Problem
Could you print, exactly and without pictures, only the lines from the one with "Service Pets - 20000 Maldonado Service" through the end of the records below?
[[ Listed records open ]]
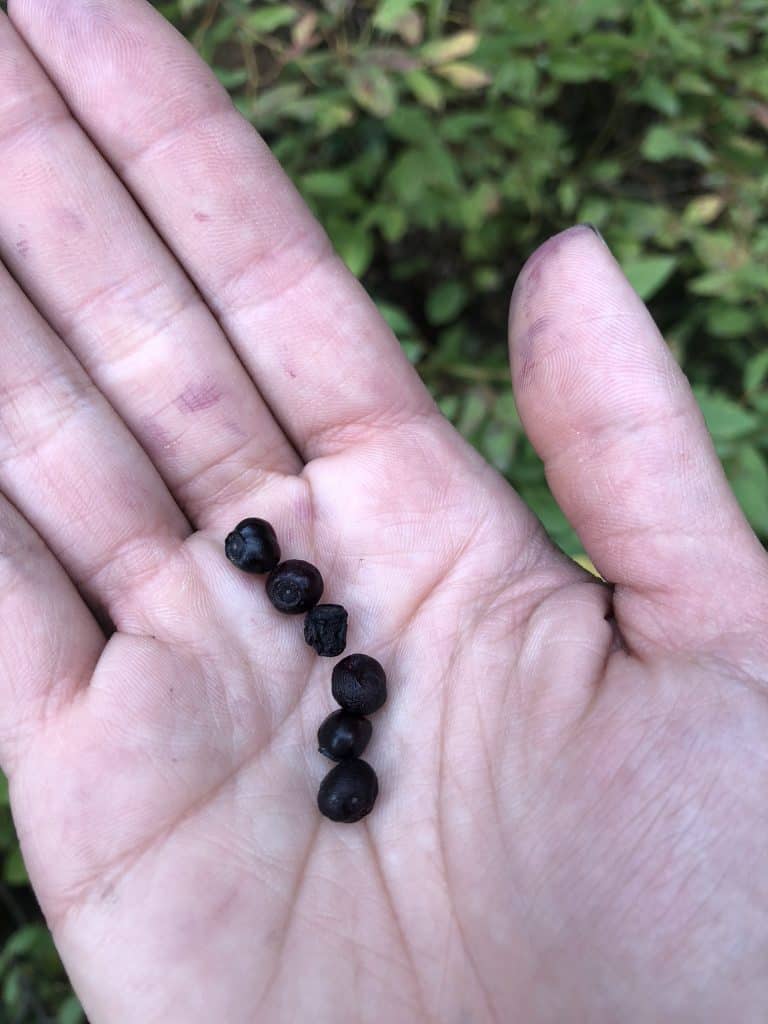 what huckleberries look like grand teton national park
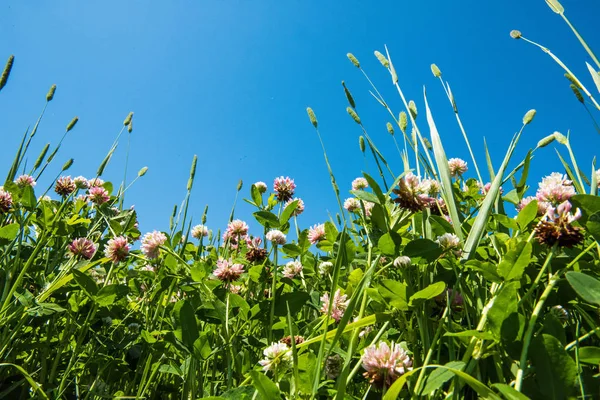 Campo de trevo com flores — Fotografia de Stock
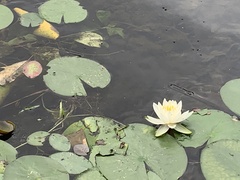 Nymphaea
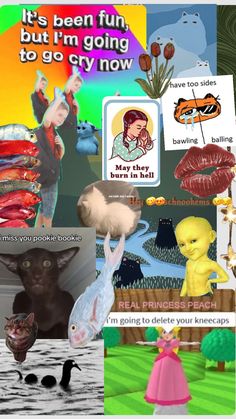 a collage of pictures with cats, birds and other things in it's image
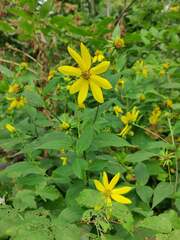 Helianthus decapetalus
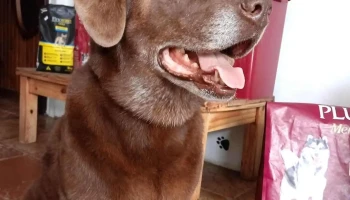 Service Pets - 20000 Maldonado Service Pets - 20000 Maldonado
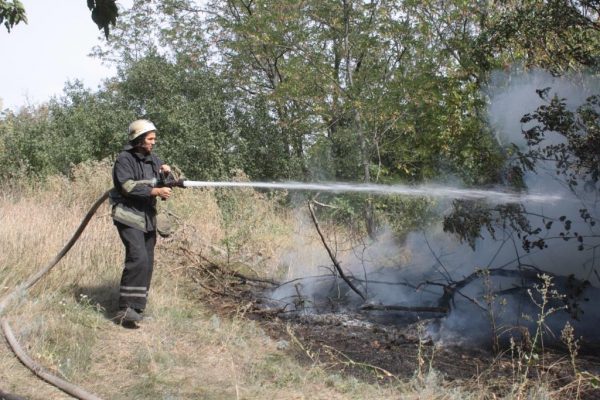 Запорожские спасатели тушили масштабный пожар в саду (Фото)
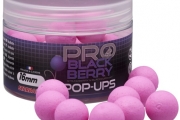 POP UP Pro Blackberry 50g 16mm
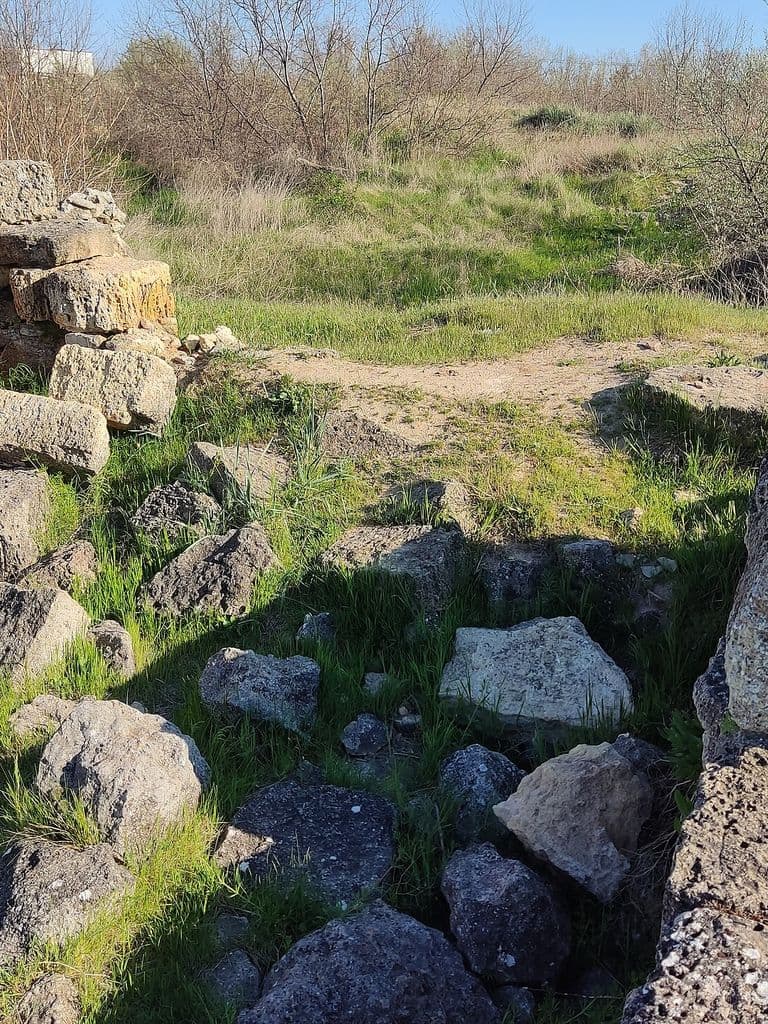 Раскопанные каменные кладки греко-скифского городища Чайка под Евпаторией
[[ Listed records closed ]]
Solution to this problem
 Service Pets - 20000 Maldonado Service Pets - 20000 Maldonado
 Запорожские спасатели тушили масштабный пожар в саду (Фото)
 POP UP Pro Blackberry 50g 16mm
 Раскопанные каменные кладки греко-скифского городища Чайка под Евпаторией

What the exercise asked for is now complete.